Could you print the listing again exactly, omitting the pictures?

● Material provided:
++++++

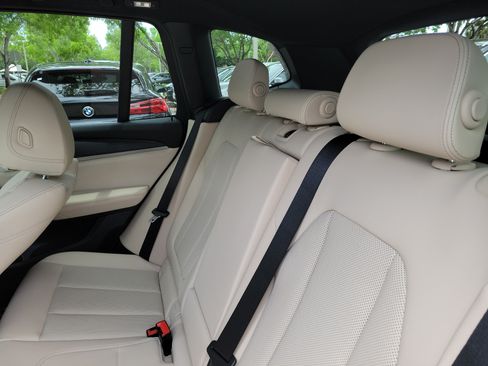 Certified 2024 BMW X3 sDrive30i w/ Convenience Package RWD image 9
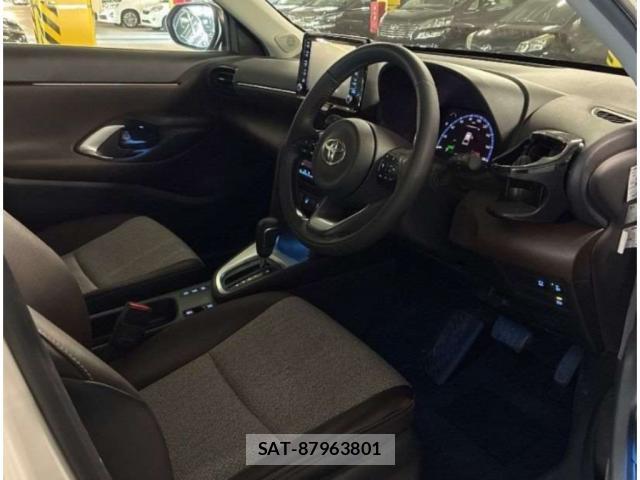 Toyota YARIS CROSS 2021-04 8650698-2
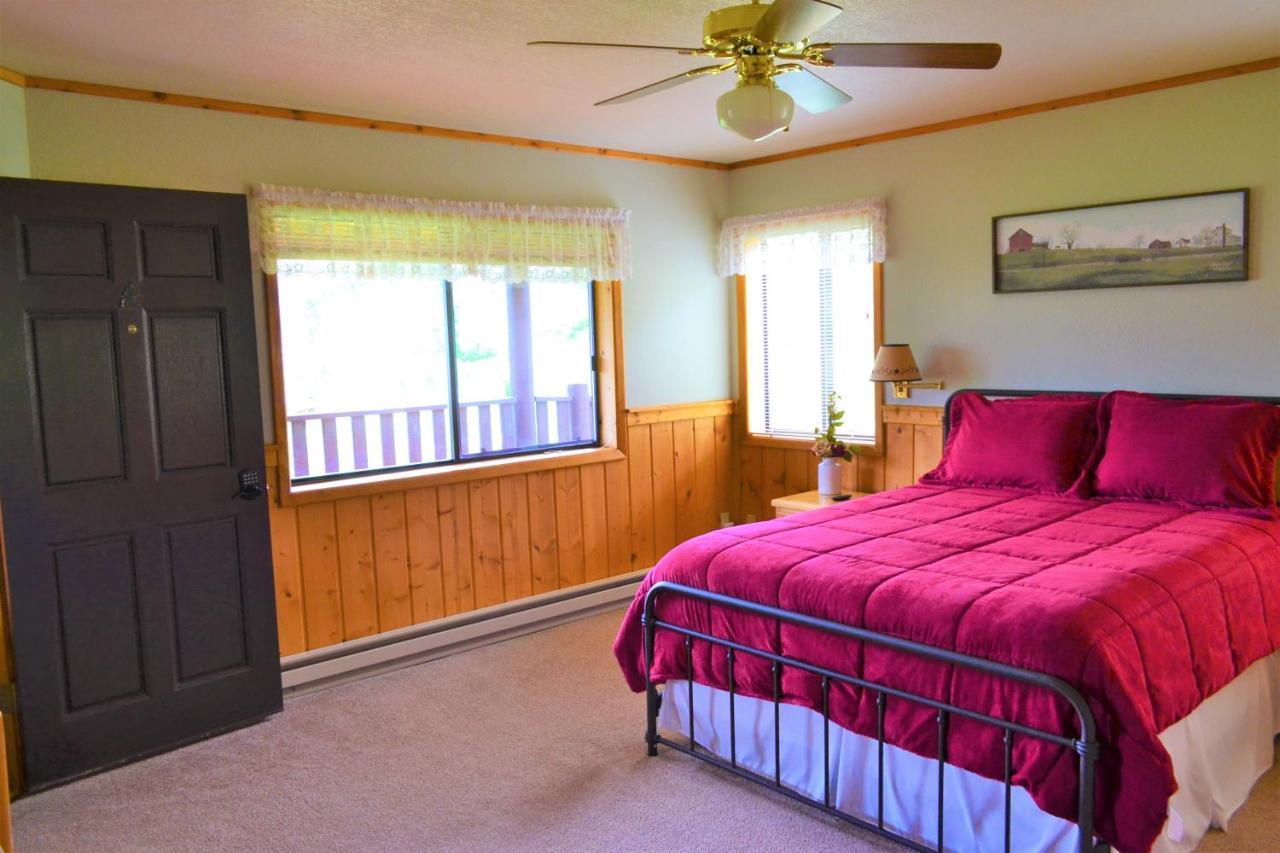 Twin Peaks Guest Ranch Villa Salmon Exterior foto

++++++

● Exercise response:
 Certified 2024 BMW X3 sDrive30i w/ Convenience Package RWD image 9
 Toyota YARIS CROSS 2021-04 8650698-2
 Twin Peaks Guest Ranch Villa Salmon Exterior foto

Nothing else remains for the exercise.